Biogen's shockingly broad Aduhelm label—and $56K price—set up a $10B launch, analysts say

Biogen didn't just win the most closely watched FDA green light of the year. Its newly minted Alzheimer's disease drug, Aduhelm, snared an approval that covers all Alzheimer's patients, not just a select group of them, meaning millions could be eligible.

And it set an aggressive price tag, in the words of one analyst, that's several times higher than market watchers had predicted—roughly $56,000 for the average patient.

The upshot? Some $10 billion in peak sales, analysts say. And "one of the biggest launches in biopharma history."

Aduhelm, also known as aducanumab, will face its challenges. With the much-publicized controversy over its approval—including a scathing thumbs-down from an FDA advisory panel—some doctors will need convincing to prescribe it, and some patients might be skeptical as well.

RELATED: Biogen's aducanumab crosses FDA finish line just in time to save its business

Before the approval, analysts were torn on whether Biogen would score the Alzheimer’s nod at all. Some placed the drugmaker’s chances of clean approval at less than a coin flip.

But it didn't just score its approval: It won an "almost shockingly broad" label, Bernstein analysts wrote to clients.

The FDA approved the drug for all Alzheimer's patients—totaling more than 6 million people in the U.S.—even though the drug was only studied in patients with early disease.

The agency also didn’t place a limit on treatment duration, suggesting patients could stay on Aduhelm “until either all plaque is removed or the patient progresses,” the Bernstein analysts noted. The treatment is a monthly IV infusion.

Aduhelm, under that label, has millions of patients to target, and they could all take the drug indefinitely. But there's another key variable in the launch equation—price—and Biogen came out aggressive.

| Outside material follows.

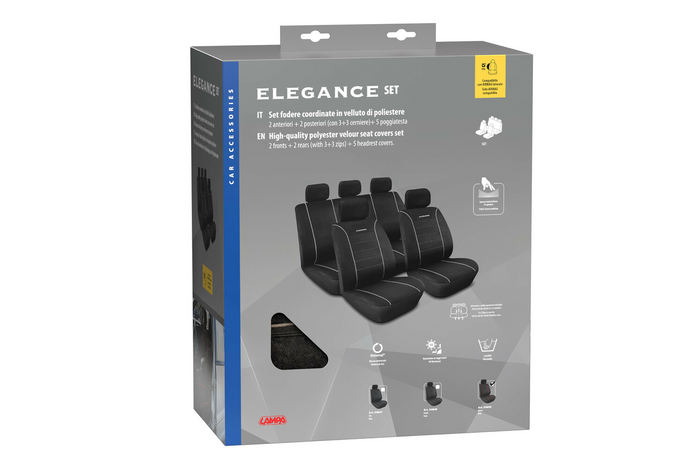 Ensemble de housses de sièges auto LAMPA Elegance, grises, pour sièges avant et arrière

Biogen set Aduhelm’s list price at $4,312 per infusion for a patient of average weight, or $56,000 per year—several times higher than experts had previously estimated. It’s well above the recommendation from the drug-cost watchdogs at the Institute for Clinical and Economic Review, which previously said Aduhelm should cost $8,300 per year—at most—given the “insufficient” evidence supporting its benefits. Several analysts had estimated the drug would cost around $10,000 per year.

Analysts have already started laying out lofty sales estimates. Aduhelm could reach $10 billion in peak sales, Bernstein analysts said in their note. Meanwhile, Cantor Fitzgerald analysts wrote that Biogen "is now set up for one of the biggest drug launches in biopharma history." The investment bank predicted peak sales of roughly $8.2 billion in 2028. 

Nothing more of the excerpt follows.